Scotusnerd wrote:Yeah, there's a pretty simple way to tell, actually. And free!
Start reading the decisions. See if you like it, or if any particular area of law interests you. See if you can understand what they're talking about. Buy a law dictionary or find a free, online version and figure out the latin phrases and terminology.
If the Supreme Court is too much of a pain in the ass, check out your local state supreme court instead, whatever it's called. Learn about your judicial system and figure out which one is the top dog.
If you think you want to be like law and order and go all prosecutor/defense attorney, I have an easy way to tell that as well.

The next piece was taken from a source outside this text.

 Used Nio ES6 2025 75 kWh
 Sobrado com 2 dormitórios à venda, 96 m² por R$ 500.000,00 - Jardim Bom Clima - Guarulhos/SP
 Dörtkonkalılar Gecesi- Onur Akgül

Go watch guilty pleas at your local courthouse for two or three days. No, not trials, because those happen maybe a few times a year, if you're lucky. Guilty pleas. Talk to a PD or a prosecutor and see if you can't ask them some questions about their job. See if you can stand them personally.

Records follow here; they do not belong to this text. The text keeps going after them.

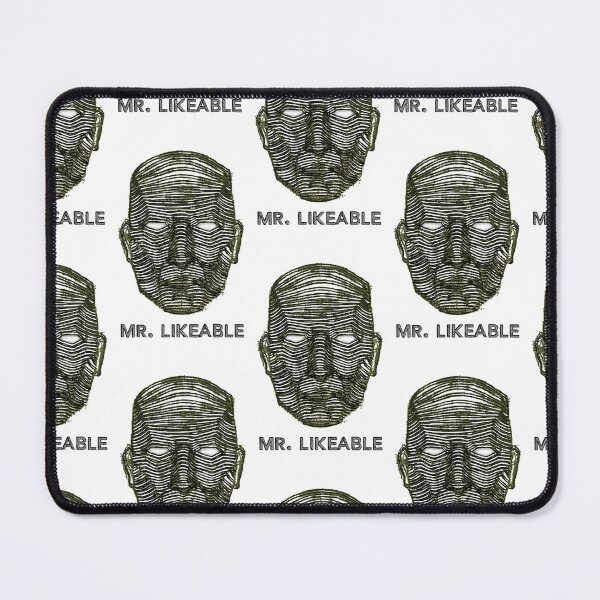 Item preview, Mr. Likeable designed and sold by Blue Bouy.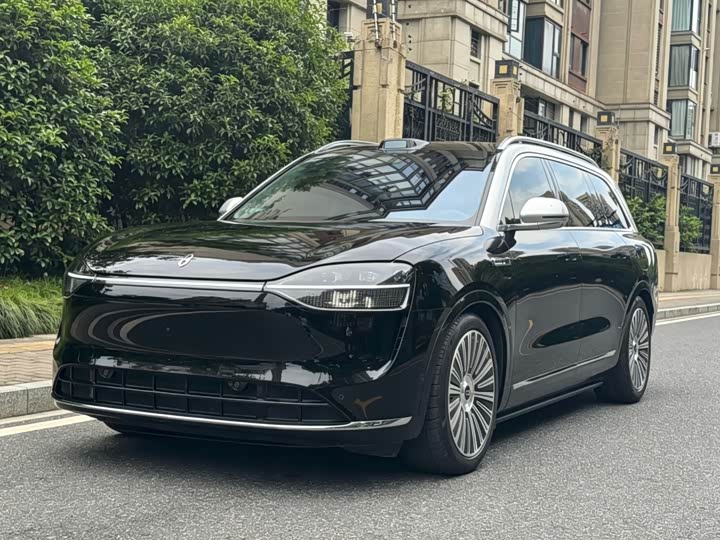 Aito M9 EREV Ultra 52 kWh 6-Seater (192-Line LiDAR)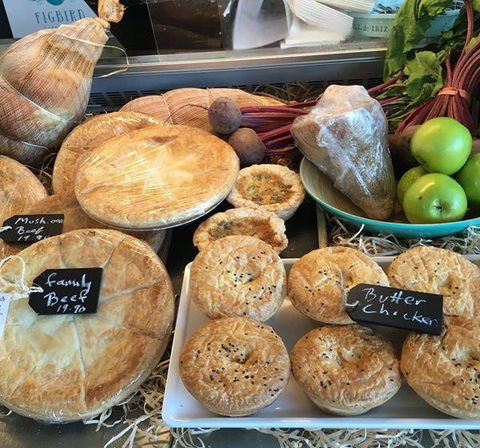 Luscious Organic Cafe & Shop - LBG 12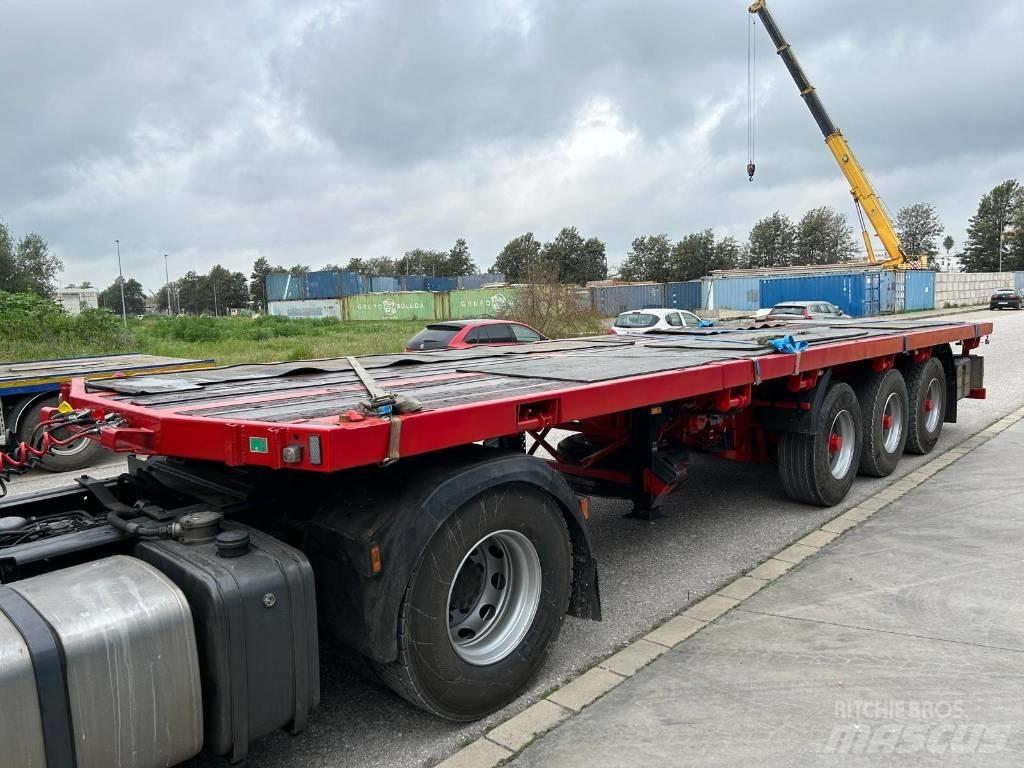  GONTRAILER S322RA Semi Reboques Porta Contentores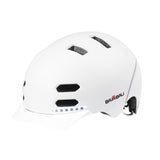 Road Smart Bike  helmets with front and rear warning lights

Basically, at the end of the day, lawyers make their money doing very boring shit that no one else wants to do. If you are (mildly) interested in doing said boring shit, then you should go to law school. If you can't stand said boring shit, then you should probably find another career. The job market is too competitive to justify going to law school for any reason other than 'I enjoy doing this.'
No. Not at all.
I know a girl who worked as a paralegal for sometime before law school. She absolutely loves legal work and she probably reads opinions for fun. But she did terribly in law school and, as far as I know, she doesn't have a legal job. Obviously, it's not something that could have been predicted before she started law school, but I just want to make clear that loving what you do won't make you more successful at it. At the same time there's a guy from my 1L class who is here because his parents are forcing him to go to law school. He clearly does not give a fuck about anything, and yet he's doing great because he's some kind of law school genius. Being able to spot issues on an exam has no relation to your love of the law.